The plump man jumped away from Lydia as though she had poked him with a stick. Mrs. Renton was standing in the doorway of the room to the right of the front door. She had a needle in one hand and what looked like a woman’s blouse in the other. “If you want your sheets mended, Mr. Fimberry, you’ll have to pay in advance this time, if you please.”

“Of course, Mrs. Renton. Can’t make bricks without straw, can we?” He produced a leather purse and shook a handful of change into the palm of his hand.

“Three shillings will cover it.”

He handed her a florin and a couple of sixpences. “Much obliged, I’m sure. Now I really must be off.” He aimed a smile midway between the two women. “Father Bertram will be wondering where I’ve got to. No peace for the wicked, eh?”

As the front door closed behind him, Mrs. Renton stared calmly at Lydia. “You have to watch that one,” she said. “Mind you, his bark’s worse than his bite.”

“Unlike Nipper,” Lydia said.

“What?”

“A dog I met the other day.”

“Oh, that one.” Mrs. Renton peered at Lydia. “Nasty little thing. So you’re having the little room next to the Captain’s for the time being?”

“Yes. My father thinks it will be all right. But I-I’m not quite sure how things are managed here. In all sorts of ways.”

“I dare say the Captain isn’t much help on that front.”

“I don’t know how things are run, you see.” Lydia felt absurdly foolish, like a child again. “How the cooking and cleaning are done. That sort of thing.”

“A char comes in to do the stairs and the hall and so on,” Mrs. Renton said. “And the bathroom and the WCs. It’s meant to be once a week. All the flats and rooms share the same bathroom-you know that? She obliges some of the tenants too, including Mr. Fimberry, but not your father. He manages for himself, most of the time.”

“What about cooking?”

“There’s a kitchen on each floor except the attic. The flats share. But I don’t think the Captain has much use for kitchens. Well, that’s natural. Nor does Mr. Serridge, come to that. Mr. Serridge has got the other two rooms on your landing.”

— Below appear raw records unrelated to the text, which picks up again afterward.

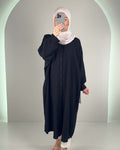Mara Top Black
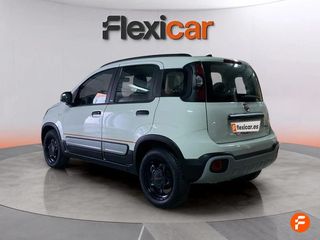 Fiat Panda Garmin 1.0 Hybrid 51kW (70cv)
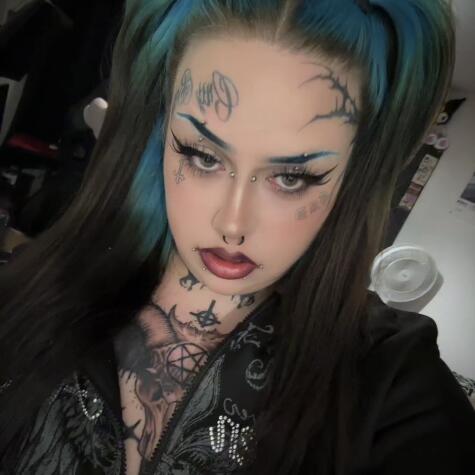 CountessRuby666 avatar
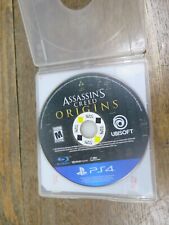 Assassins creed origins for sale  Murphy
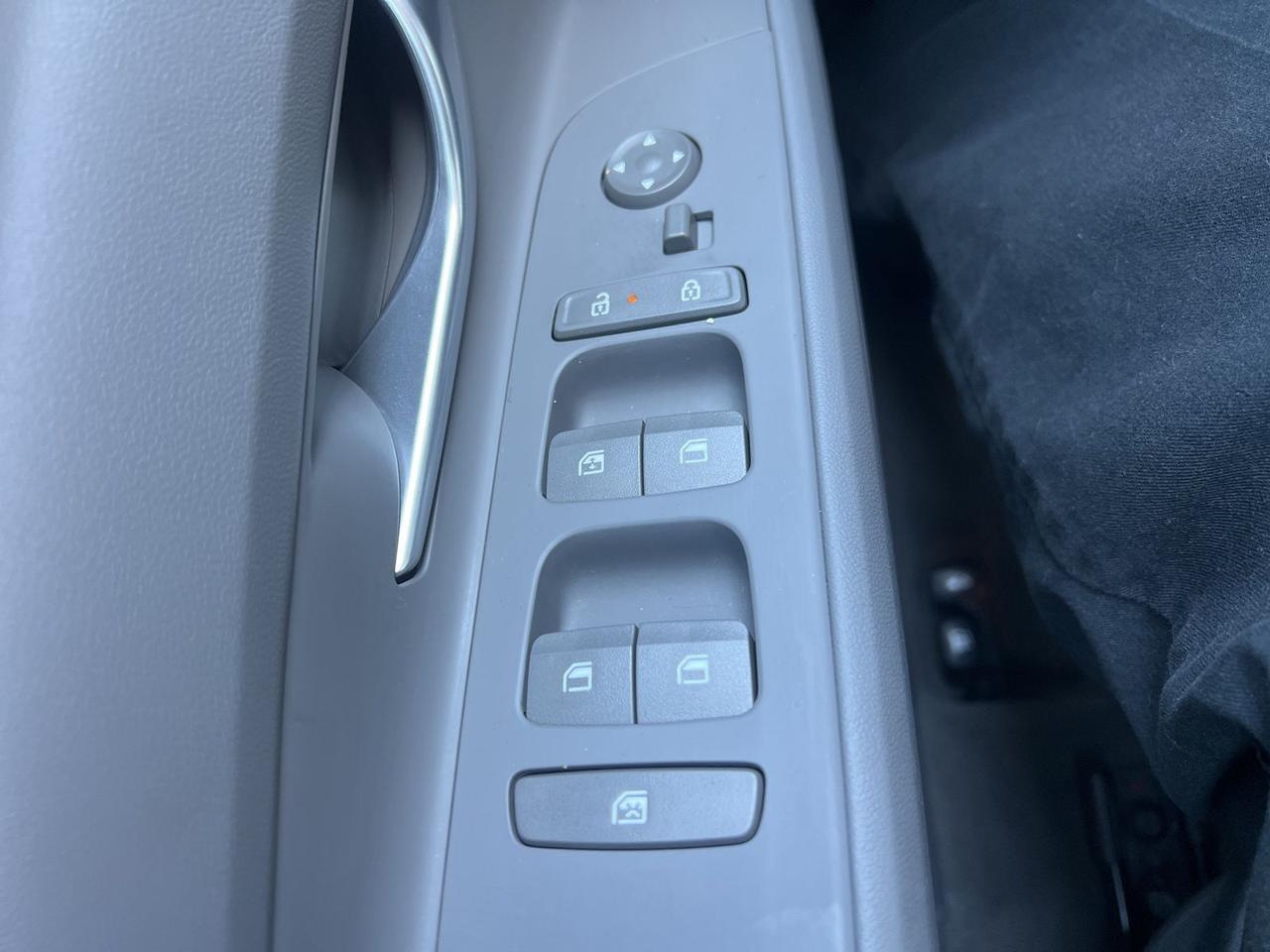 2024 Hyundai Elantra Hybrid Blue Waldorf MD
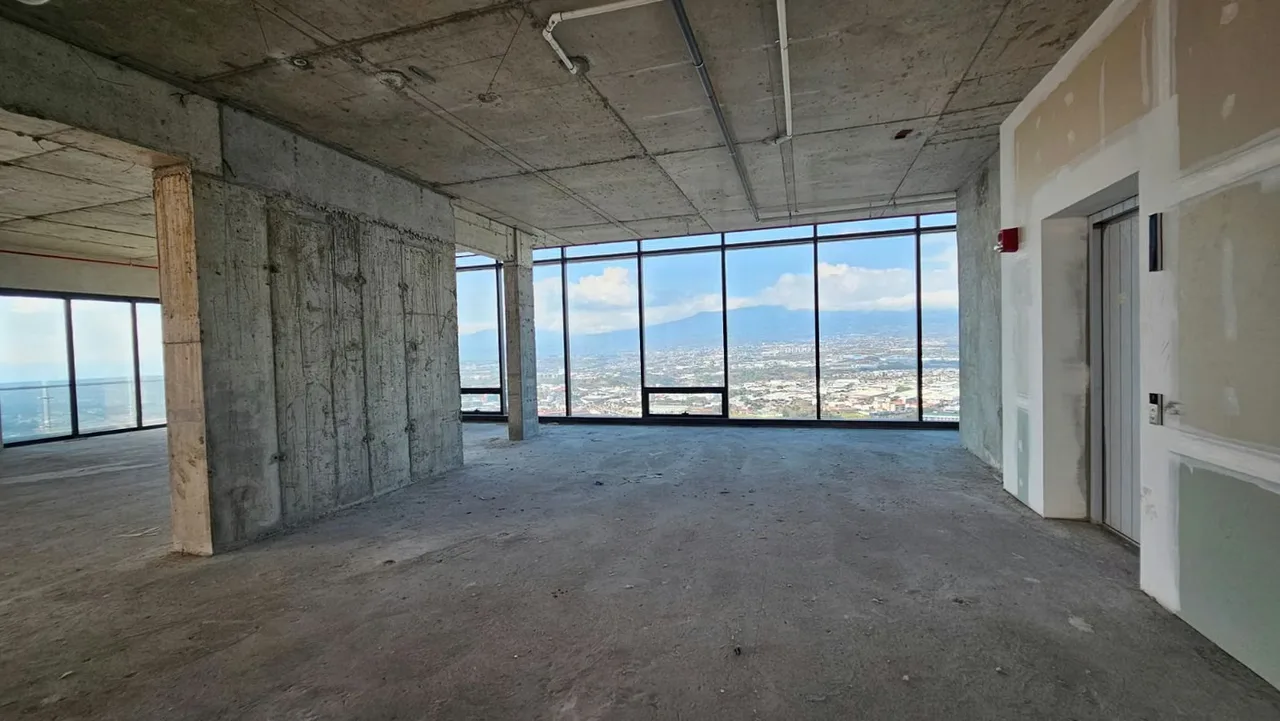 Ultimo Penthouse en Venta, Exclusiva Torre Hilton Piso Completo-2, photo 16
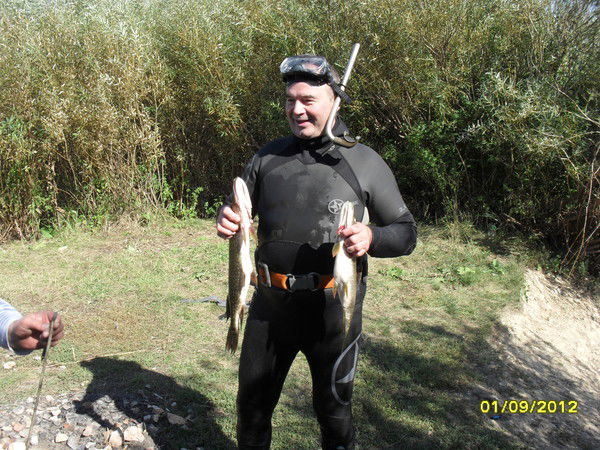 Владимир Петров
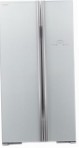 Hitachi R-S702PU2GS Kylskåp kylskåp med frys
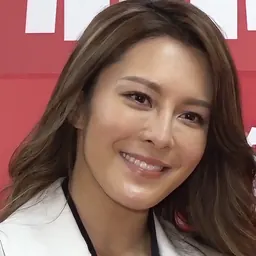 Portrait of Kelly Cheung
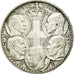 Coin, Greece, Paul I, 30 Drachmai, 1963, EF(40-45), Silver, KM:86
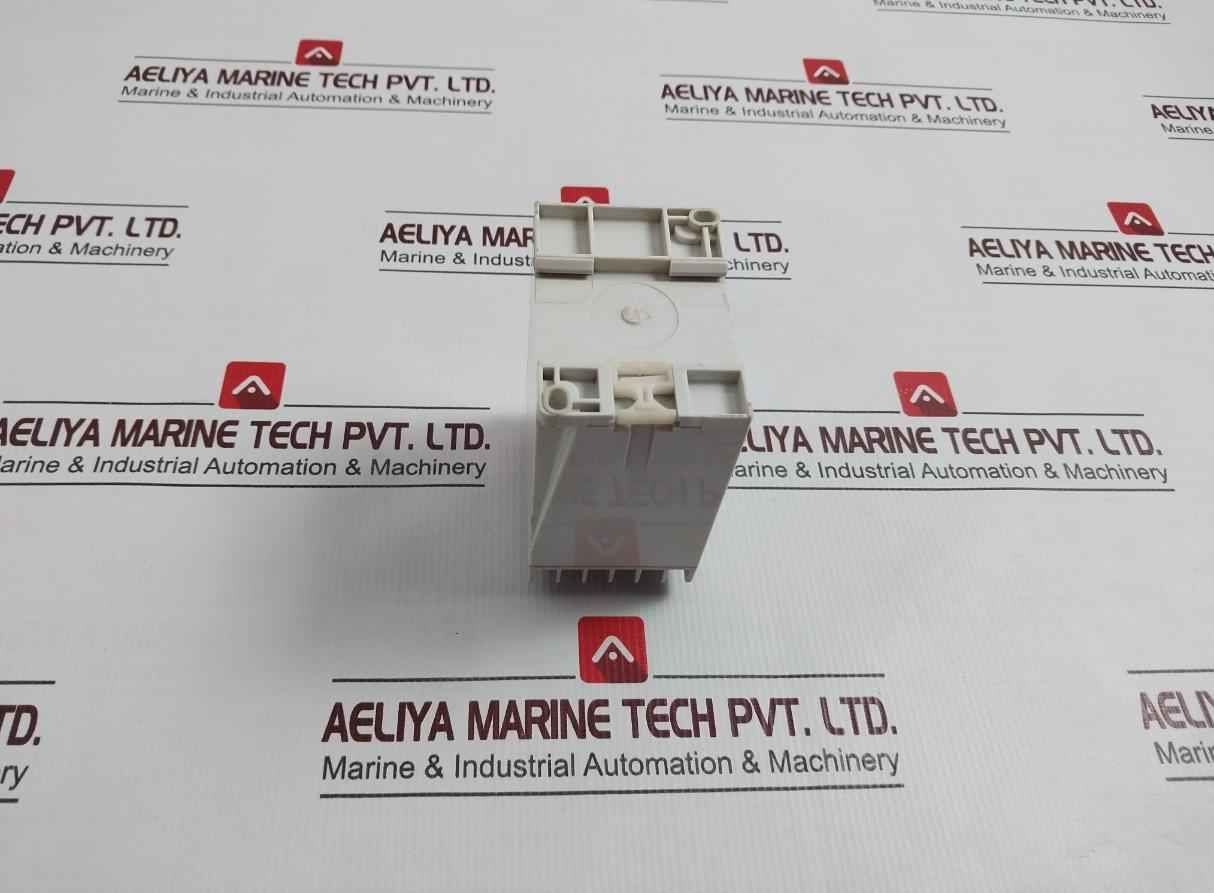 Gic 74sdt0 Micon Electronic Timer 240/415 Vac 50/60hz 5a 30/60/90/120 Sec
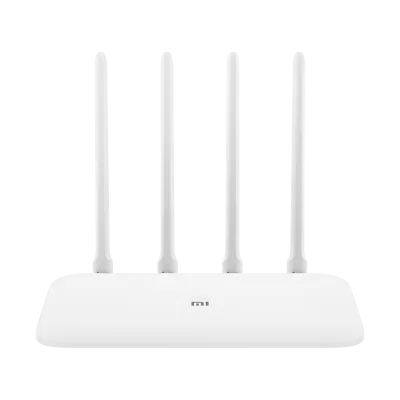 Xiaomi Router 4A Gigabit Edition v1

“I wonder if you would be able to advise me about what to do,” Lydia said. “I haven’t done much of…of this sort of thing. And I’m afraid my father’s rather an old bachelor.”

Mrs. Renton looked up at her and pursed her lips. Lydia thought how unnatural it was, that someone like herself should be practically begging this old woman for help.

There was a knock on the front door. Mrs. Renton marched in an unhurried way down the hall and opened it. A tall young man was standing on the step. He whipped off his hat, a flat cap, and at that moment Lydia recognized him as the younger of the two men from the café at breakfast.